Speakers
Description
The configuration of domains in ferromagnetic materials is determined by the interplay of competing energy terms. In ordered systems with zero net magnetisation, however, it is much less understood how microscopic coupling mechanisms affect the size and morphology of domains and domain walls. In order to access all relevant magnetic degrees of freedom, we investigate the formation of domains in a ferroic model system consisting of planar dipolar-coupled Ising-like ferromagnetic building blocks. These nanomagnets are arranged on a square lattice such that a unit cell yields a vortex-like compensated magnetisation and the as-grown state consists of domains with uniform magnetic handedness. By varying the distances between nanomagnets, we can independently tune the interaction strengths for the inter- and intra-vortex coupling.
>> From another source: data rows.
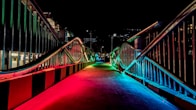 a long bridge with lights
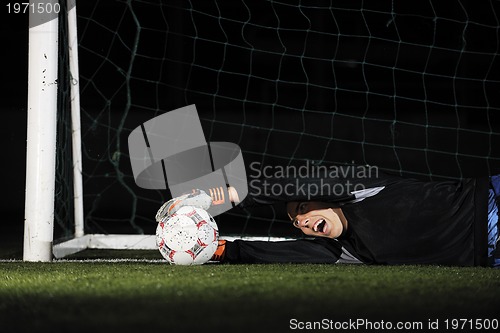 Image of soccer   goal keeper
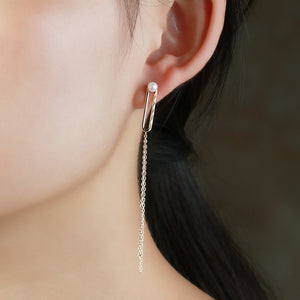 925 Sterling Silver Plated Gold Simple Temperament Geometric Freshwater Pearl Tassel Earrings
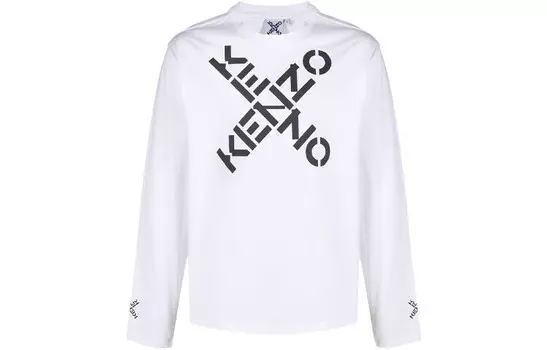 Футболка с логотипом Letter, мужская, белая Kenzo, белый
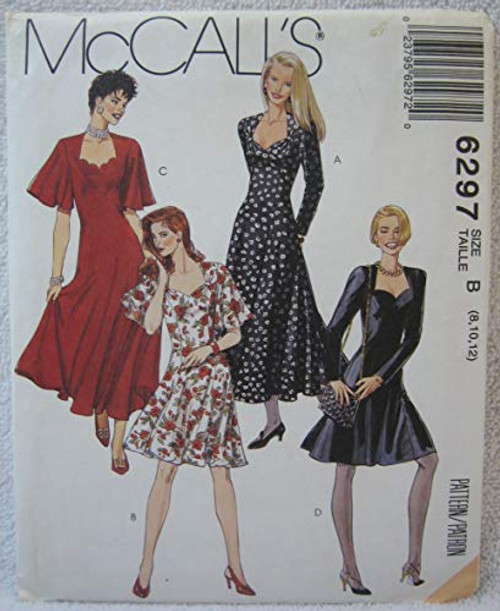 McCall's Pattern 6297 Misses' Close-Fitting Dress with Sweetheart Neckline Variations in Two Lengths Size B -8-10-12-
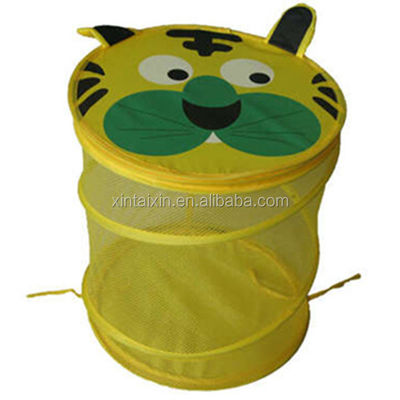 Pencetakan Sublimasi Kartun Round Mesh Laundry Bag Dengan Cover 38*45cm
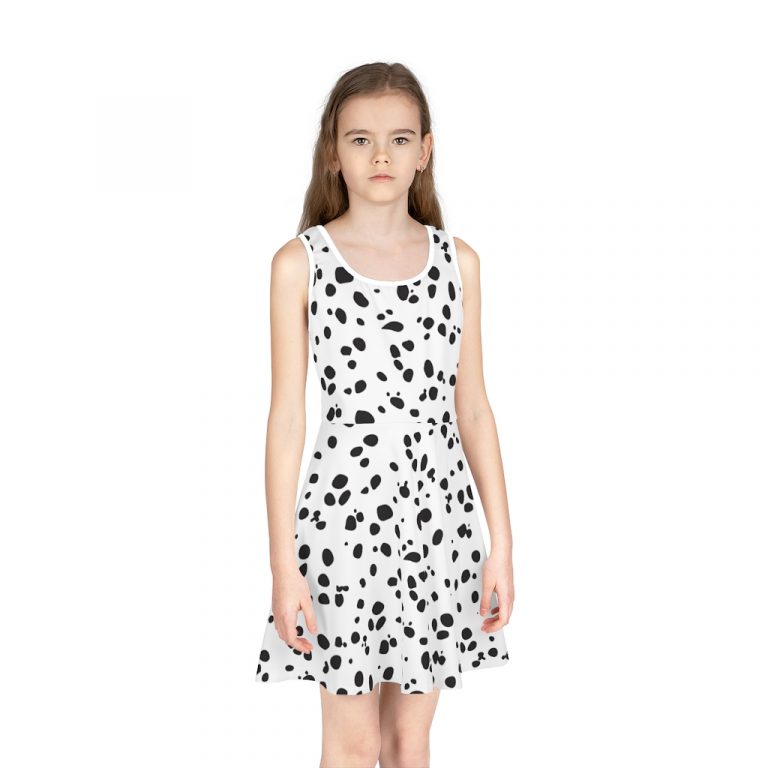 This all new Dalmatian dog pet costume has polka dots and spots that are black and white animal print resembling real Dogs Cruella De Vil is Cruel to Dalmation puppy and puppies cruel by contrast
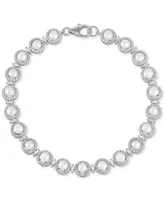 Arabella Cultured Freshwater Button Pearl (4 - 4-1/2mm) & Cubic Zirconia Link Bracelet in Sterling Silver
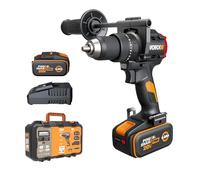 WORX Perceuse-visseuse à percussion sans fil 20V WX356, couple max de 85 Nm, moteur brushless, design compact, éclairage led intégré, livrée avec 2 batteries, chargeur, poignée auxiliaire, etc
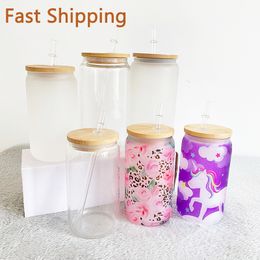 Gepersonaliseerde 12oz Clear Glass Cup Tumbler Sublimation Soda Pop Can DIY Matte Koffie Melk Mok met Bamboe Deksel Juice Straw Cups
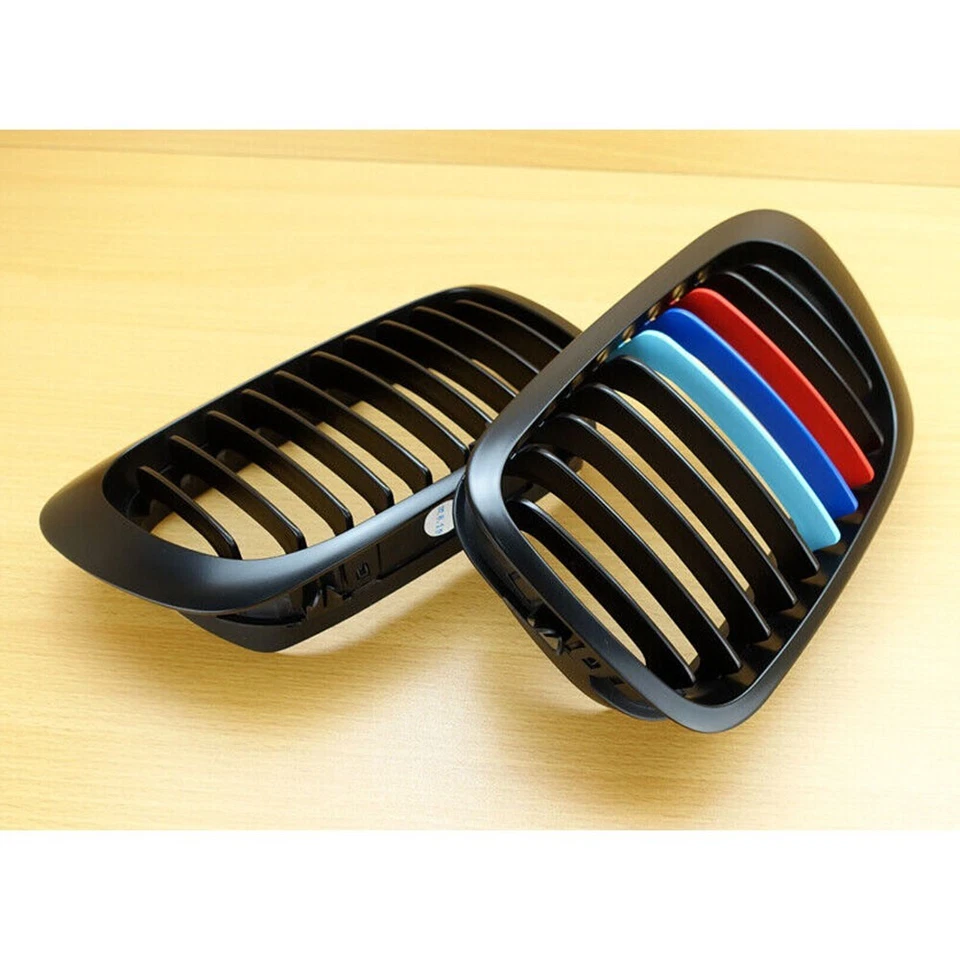 Fit For BMW E46 3-series 2DR M3 Matte Black + M-Color Front Grills 2000-2006 Foto 2 de 4
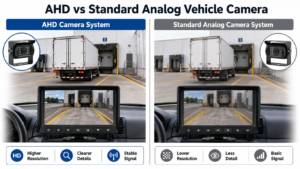 AHD vehicle camera and monitor system installed on a commercial vehicle for fleet safety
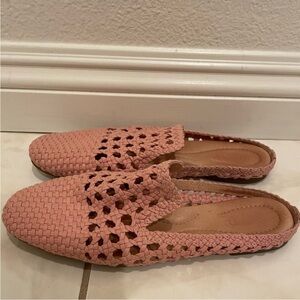 Børn Pink Woven Slip-On Flats – Size 7
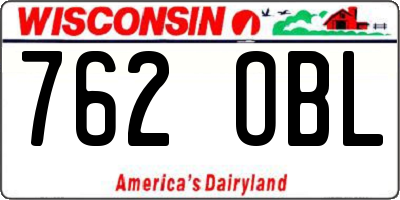 WI license plate 762OBL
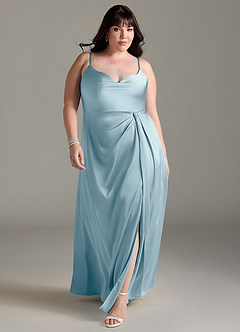 Azazie Brielle Bridesmaid Dresses Moody Blue A-Line Cowl Spaghetti Straps Stretch Satin Dress image8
Using magnetic force microscopy and Monte-Carlo simulations, we examine a general phase diagram and link the average domain size to the ratio of inter- and intra-vortex coupling strength. We observe ratio-dependent transitions to short-range order above the critical temperature that determine the resulting substructure of a domain wall. We further demonstrate how to switch the orientation of the emergent order parameter by the application of an effective conjugate field using a magnetic-tip-assisted poling technique. Our work reveals an approach to model, tailor and manipulate ferroic order and provides insight into the formation of domains in materials with zero net magnetisation.